▸ **Records to use**:
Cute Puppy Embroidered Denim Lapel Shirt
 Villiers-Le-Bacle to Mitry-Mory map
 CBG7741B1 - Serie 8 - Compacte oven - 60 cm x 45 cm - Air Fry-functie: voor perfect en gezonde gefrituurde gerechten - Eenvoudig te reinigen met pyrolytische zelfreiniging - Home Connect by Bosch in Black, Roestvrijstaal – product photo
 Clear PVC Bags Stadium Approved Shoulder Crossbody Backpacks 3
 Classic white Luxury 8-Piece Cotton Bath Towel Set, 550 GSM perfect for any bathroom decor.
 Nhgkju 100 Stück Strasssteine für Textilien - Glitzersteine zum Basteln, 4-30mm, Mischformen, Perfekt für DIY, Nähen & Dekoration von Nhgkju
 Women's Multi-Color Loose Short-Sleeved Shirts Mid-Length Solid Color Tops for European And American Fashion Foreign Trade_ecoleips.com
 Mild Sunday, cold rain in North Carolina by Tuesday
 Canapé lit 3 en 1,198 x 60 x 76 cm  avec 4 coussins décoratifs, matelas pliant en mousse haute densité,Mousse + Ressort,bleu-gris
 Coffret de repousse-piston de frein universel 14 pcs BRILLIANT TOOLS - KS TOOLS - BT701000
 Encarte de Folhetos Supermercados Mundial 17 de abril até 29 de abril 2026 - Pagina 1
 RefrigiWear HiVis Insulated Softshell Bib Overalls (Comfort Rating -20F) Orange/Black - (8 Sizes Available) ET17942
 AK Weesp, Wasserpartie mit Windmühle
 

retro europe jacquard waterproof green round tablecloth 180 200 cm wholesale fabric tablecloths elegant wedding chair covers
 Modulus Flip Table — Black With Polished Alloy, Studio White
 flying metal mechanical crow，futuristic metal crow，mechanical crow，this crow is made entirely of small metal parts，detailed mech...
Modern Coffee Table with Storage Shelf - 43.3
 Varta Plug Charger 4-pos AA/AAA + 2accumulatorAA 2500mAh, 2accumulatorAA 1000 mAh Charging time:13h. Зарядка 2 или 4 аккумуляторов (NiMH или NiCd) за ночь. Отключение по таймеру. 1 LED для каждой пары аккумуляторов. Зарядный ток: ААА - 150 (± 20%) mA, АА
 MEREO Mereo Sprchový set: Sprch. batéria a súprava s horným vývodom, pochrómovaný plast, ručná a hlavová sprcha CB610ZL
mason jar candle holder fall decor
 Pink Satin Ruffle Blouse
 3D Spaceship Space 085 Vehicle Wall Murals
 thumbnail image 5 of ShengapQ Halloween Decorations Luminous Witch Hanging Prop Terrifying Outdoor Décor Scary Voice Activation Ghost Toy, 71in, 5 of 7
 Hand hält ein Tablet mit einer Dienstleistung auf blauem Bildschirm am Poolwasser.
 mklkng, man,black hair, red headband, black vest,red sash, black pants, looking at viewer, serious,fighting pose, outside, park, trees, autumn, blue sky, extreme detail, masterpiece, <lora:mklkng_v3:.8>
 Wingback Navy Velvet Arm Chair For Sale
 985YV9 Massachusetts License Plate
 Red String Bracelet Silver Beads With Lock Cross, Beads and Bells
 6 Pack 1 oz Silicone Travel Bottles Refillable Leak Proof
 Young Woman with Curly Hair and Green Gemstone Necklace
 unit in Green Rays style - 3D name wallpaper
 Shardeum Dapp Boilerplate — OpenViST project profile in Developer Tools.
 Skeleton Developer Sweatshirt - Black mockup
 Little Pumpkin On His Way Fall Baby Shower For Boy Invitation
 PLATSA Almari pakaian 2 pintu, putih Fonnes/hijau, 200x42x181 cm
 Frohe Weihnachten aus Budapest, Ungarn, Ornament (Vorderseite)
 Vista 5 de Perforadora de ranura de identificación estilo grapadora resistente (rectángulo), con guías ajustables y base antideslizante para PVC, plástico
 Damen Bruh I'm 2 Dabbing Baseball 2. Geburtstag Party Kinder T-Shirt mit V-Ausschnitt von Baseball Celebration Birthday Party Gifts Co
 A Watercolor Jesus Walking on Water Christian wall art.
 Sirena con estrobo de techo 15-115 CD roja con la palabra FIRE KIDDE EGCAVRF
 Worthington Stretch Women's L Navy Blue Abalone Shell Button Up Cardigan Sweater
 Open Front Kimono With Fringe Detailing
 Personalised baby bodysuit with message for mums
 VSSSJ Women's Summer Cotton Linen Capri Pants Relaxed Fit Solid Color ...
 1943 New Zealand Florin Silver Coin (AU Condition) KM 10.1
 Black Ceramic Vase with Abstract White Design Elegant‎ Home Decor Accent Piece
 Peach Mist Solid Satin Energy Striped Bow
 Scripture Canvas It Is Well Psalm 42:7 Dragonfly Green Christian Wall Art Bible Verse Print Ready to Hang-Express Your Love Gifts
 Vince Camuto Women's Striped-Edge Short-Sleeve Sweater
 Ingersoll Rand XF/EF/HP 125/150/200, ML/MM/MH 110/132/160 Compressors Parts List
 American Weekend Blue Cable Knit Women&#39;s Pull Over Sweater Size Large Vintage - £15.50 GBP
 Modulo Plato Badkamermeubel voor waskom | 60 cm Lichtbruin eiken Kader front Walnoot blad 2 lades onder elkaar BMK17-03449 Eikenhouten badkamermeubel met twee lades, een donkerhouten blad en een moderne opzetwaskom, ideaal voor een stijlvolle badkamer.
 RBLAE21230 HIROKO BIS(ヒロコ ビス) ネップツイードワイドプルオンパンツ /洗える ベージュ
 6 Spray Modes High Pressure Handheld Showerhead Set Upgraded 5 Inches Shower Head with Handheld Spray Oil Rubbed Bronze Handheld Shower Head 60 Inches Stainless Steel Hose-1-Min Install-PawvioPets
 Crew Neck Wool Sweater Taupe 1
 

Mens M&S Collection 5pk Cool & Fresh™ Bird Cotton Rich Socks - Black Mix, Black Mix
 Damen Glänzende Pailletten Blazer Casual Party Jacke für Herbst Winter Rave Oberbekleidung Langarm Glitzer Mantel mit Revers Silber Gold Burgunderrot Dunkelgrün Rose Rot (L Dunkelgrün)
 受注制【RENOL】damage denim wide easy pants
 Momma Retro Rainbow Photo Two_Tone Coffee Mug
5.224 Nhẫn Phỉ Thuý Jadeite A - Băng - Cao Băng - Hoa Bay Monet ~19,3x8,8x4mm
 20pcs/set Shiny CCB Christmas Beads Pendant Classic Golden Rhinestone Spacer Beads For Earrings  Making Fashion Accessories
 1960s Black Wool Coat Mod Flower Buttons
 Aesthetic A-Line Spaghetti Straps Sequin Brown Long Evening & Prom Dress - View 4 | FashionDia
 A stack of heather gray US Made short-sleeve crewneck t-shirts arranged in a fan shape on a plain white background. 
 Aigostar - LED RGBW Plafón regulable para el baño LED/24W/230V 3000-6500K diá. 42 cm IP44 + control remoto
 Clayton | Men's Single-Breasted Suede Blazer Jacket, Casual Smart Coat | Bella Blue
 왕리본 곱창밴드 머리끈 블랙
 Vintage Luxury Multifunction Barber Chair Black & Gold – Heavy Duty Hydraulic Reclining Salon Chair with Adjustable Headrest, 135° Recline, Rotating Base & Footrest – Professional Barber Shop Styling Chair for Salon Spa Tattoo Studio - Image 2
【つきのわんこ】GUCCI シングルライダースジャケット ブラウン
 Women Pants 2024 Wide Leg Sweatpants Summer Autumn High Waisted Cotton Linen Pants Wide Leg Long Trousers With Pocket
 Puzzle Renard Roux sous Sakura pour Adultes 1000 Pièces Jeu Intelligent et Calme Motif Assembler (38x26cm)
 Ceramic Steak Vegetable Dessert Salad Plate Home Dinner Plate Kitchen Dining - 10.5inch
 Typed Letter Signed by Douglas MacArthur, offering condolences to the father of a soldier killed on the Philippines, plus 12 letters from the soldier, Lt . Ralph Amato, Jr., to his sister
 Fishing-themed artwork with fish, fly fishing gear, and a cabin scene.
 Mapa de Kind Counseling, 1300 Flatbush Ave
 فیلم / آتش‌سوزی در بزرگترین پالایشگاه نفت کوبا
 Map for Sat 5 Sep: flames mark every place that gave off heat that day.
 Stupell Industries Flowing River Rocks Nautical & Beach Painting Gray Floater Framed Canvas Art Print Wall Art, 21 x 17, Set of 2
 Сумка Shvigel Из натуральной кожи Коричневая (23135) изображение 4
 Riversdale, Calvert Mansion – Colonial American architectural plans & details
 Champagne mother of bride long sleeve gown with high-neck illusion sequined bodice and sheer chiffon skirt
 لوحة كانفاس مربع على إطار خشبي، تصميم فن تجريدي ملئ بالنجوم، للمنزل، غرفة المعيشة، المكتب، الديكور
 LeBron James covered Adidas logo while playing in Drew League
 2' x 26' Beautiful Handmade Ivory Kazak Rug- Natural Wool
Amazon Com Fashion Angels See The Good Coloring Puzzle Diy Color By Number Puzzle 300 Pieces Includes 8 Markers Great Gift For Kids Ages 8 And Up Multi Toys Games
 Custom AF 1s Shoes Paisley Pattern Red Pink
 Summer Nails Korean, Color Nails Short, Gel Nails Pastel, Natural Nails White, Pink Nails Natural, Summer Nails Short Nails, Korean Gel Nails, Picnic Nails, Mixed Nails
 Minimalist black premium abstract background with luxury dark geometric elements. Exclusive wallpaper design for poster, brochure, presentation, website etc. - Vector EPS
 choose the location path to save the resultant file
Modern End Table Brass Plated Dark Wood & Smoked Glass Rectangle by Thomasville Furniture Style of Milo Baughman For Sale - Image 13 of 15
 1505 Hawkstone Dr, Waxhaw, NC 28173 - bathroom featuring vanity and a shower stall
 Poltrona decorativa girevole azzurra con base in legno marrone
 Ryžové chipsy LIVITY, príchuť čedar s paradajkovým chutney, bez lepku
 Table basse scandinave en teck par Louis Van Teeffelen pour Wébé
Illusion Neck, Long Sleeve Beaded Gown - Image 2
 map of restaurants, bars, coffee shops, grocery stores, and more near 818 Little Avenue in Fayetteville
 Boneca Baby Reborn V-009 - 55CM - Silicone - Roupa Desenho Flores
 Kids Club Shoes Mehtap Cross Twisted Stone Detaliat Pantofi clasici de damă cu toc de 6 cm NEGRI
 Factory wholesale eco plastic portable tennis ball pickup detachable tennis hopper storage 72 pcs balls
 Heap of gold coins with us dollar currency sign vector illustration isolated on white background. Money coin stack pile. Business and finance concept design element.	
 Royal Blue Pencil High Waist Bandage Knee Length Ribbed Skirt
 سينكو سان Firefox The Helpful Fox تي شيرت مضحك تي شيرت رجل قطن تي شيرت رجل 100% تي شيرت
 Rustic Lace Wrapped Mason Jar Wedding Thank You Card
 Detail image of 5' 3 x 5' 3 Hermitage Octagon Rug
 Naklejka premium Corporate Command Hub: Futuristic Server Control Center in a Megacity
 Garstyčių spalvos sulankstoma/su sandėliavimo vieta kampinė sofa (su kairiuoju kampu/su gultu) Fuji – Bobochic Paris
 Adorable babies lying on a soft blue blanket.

▸ **Required action**:
Set the entries down again exactly, beginning with their first line and ending with the line that contains "Classic white Luxury"; omit all other lines.

▸ **Solved exercise**:
Cute Puppy Embroidered Denim Lapel Shirt
 Villiers-Le-Bacle to Mitry-Mory map
 CBG7741B1 - Serie 8 - Compacte oven - 60 cm x 45 cm - Air Fry-functie: voor perfect en gezonde gefrituurde gerechten - Eenvoudig te reinigen met pyrolytische zelfreiniging - Home Connect by Bosch in Black, Roestvrijstaal – product photo
 Clear PVC Bags Stadium Approved Shoulder Crossbody Backpacks 3
 Classic white Luxury 8-Piece Cotton Bath Towel Set, 550 GSM perfect for any bathroom decor.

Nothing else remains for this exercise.